Oscar Wilde famously wrote: ‘To lose one parent may be regarded as a misfortune; to lose both looks like carelessness.’ He certainly wouldn’t be impressed by New York City, which has lost a second major opera company in the space of just two years.
Earlier this month Gotham Chamber Opera (GCO) announced it is to close immediately, with all future shows cancelled. This follows the demise of New York City Opera (NYCO) in 2013, and while attempts have been made to restart NYCO it remains defunct at the time of writing.
GCO’s sudden closure came after executive director, Edward Barnes, discovered previously undisclosed deficits. Barnes, who only joined the company on 1 July, reported these to the board, who then voted to wind-up the company.
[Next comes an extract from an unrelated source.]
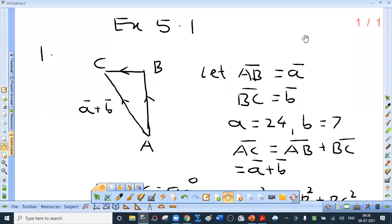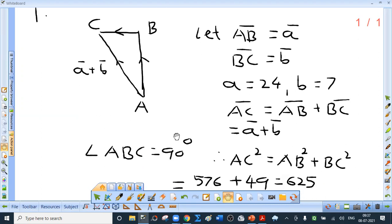Exercise 5.1, question 1: vector a bar is directed due north with mod a bar equal to 24; vector b bar is directed due west with mod b bar equal to 7. Find mod of (a bar plus b bar). Let AB bar equal a bar and BC bar equal b bar; by triangle law, AC bar equals a bar plus b bar. The triangle is right-angled at B, so by Pythagoras: AC squared equals 24 squared plus 7 squared equals 576 plus 49 equals 625. So mod of (a bar plus b bar) equals 25.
Explaining the decision Beatrice Broadwater, president of the board of directors, said: ‘We do not have, nor do we anticipate having, sufficient donations and pledges that would enable continued operations of the company.’
Known for site-specific work and collaborating with other companies, the unravelling of GCO has come as a sudden to shock after the positive sounds made following Barnes’ appointment. It had planned to stage Alessandro Stradella’s San Giovanni Battista and new work Charlie Parker’s Yardbird, a co-commission with Opera Philadelphia, in the 2015-16 season.
‘I am proud to have founded Gotham Chamber Opera,’ said artistic director Neal Goren, who created GCO 15 years ago. ‘[It’s] been an extraordinary run, and we have been fortunate to be a part of New York City’s cultural landscape. We are grateful to all of our generous donors, collaborators and attendees, and thank them for their support.’
Meanwhile plans to resurrect NYCO have been mired in conflict, with two rival groups NYCO Renaissance and New Vision for NYC Opera battling over its legacy. NYCO has more than USD25m (€22m) in claims against it by creditors. A committee of creditors recently put its weight behind NYCO Renaissance’s bid to revive the company, renewing hope that the company could become viable again.